In late December, The New York Times sued OpenAI and its close collaborator and investor, Microsoft, for allegedly violating copyright law by training generative AI models on Times’ content.
In their response, posted this afternoon to OpenAI’s blog, the company restates their belief that using publicly available data from the web to train AI models, including news articles like those from The New York Times, falls under fair use. Essentially, OpenAI argues that they do not need to obtain a license or pay for the use of examples when creating generative AI systems such as GPT-4 and DALL-E 3. These systems “learn” from millions of examples of various forms of media, including artwork, ebooks, essays, and other types of text and images, in order to generate human-like output.

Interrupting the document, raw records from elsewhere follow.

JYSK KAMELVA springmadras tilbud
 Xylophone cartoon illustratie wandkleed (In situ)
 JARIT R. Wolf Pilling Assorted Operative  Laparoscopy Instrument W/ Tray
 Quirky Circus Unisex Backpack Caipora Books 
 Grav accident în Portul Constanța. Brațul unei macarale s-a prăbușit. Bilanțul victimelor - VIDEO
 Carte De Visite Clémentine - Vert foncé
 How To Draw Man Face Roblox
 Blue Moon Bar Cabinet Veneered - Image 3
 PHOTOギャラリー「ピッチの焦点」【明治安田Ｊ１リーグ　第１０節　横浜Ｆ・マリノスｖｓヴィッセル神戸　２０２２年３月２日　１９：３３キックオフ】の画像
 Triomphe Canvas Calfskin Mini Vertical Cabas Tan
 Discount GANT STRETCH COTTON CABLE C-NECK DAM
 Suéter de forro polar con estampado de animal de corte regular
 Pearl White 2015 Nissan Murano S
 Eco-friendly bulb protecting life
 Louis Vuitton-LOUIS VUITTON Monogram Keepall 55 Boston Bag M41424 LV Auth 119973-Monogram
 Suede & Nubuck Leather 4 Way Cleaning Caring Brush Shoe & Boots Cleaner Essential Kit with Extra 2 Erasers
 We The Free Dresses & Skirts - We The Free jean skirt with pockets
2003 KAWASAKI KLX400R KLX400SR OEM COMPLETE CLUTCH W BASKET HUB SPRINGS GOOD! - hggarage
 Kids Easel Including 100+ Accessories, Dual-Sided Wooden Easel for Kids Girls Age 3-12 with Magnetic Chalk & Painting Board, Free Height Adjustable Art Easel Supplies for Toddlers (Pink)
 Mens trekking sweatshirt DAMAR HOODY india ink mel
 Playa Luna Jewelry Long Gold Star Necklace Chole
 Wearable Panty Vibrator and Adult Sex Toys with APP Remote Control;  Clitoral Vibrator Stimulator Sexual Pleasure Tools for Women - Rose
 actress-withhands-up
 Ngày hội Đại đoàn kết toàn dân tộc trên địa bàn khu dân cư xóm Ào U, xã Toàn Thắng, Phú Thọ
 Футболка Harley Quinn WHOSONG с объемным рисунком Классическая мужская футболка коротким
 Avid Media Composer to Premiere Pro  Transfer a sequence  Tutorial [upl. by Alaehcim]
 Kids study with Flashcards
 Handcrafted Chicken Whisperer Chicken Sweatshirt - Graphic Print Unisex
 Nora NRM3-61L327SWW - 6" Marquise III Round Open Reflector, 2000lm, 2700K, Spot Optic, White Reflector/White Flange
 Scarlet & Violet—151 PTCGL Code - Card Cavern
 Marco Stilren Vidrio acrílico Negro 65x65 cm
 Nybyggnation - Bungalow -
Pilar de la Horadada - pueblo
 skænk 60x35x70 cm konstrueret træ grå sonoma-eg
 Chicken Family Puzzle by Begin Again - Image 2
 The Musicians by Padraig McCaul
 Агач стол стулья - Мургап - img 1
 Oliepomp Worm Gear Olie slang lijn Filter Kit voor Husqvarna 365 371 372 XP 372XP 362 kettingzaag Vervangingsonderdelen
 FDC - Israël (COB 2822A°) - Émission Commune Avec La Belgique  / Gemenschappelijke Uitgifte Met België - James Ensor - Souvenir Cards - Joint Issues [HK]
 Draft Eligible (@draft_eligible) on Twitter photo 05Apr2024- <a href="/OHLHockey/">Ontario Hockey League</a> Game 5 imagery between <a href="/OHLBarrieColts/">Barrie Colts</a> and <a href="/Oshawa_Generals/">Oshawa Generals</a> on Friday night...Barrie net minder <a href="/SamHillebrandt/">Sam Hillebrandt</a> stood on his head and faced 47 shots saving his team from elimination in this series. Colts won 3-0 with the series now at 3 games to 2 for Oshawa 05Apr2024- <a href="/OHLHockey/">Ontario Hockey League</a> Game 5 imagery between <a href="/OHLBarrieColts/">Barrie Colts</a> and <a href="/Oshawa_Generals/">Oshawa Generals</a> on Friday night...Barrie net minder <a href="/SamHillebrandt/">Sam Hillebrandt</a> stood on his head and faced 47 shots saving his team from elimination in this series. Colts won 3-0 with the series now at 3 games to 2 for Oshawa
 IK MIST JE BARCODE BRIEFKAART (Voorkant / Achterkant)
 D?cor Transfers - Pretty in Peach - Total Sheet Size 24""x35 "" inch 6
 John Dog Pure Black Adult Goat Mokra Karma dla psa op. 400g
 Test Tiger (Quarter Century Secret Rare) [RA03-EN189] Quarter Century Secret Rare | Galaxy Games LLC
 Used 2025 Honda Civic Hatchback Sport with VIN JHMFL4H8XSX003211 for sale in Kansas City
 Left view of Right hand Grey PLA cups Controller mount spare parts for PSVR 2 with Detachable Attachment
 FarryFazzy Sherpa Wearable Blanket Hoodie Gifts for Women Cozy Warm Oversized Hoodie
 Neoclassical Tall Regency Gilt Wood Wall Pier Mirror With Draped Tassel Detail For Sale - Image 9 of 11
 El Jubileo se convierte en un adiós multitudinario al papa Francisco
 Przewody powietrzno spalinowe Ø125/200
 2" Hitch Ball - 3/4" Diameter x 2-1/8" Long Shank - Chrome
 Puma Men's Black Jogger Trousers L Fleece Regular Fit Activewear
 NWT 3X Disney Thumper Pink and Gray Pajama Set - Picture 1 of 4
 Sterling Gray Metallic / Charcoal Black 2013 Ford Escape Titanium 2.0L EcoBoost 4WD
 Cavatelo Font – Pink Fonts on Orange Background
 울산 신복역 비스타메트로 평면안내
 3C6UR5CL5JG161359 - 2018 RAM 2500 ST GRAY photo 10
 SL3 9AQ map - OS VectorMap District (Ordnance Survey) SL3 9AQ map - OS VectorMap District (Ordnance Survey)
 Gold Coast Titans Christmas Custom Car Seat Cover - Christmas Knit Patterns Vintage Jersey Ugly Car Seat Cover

In their response, OpenAI also addresses the issue of regurgitation, a phenomenon where generative AI models output training data in a nearly identical manner after being prompted. For example, a model may generate a photo that is identical to one taken by a photographer. OpenAI argues that regurgitation is less likely to occur when using training data from a single source, such as The New York Times, and places responsibility on users to act ethically and avoid intentionally prompting the models to regurgitate, which is against their terms of use.
“Interestingly, the regurgitations The New York Times cite in its lawsuit appear to be from years-old articles that have proliferated on multiple third-party websites,” OpenAI writes. “It seems they intentionally manipulated prompts, often including lengthy excerpts of articles, in order to get our model to regurgitate. Even when using such prompts, our models don’t typically behave the way The New York Times insinuates, which suggests they either instructed the model to regurgitate or cherry-picked their examples from many attempts.”
OpenAI’s response comes as the debate over copyright in relation to generative AI reaches a fever pitch.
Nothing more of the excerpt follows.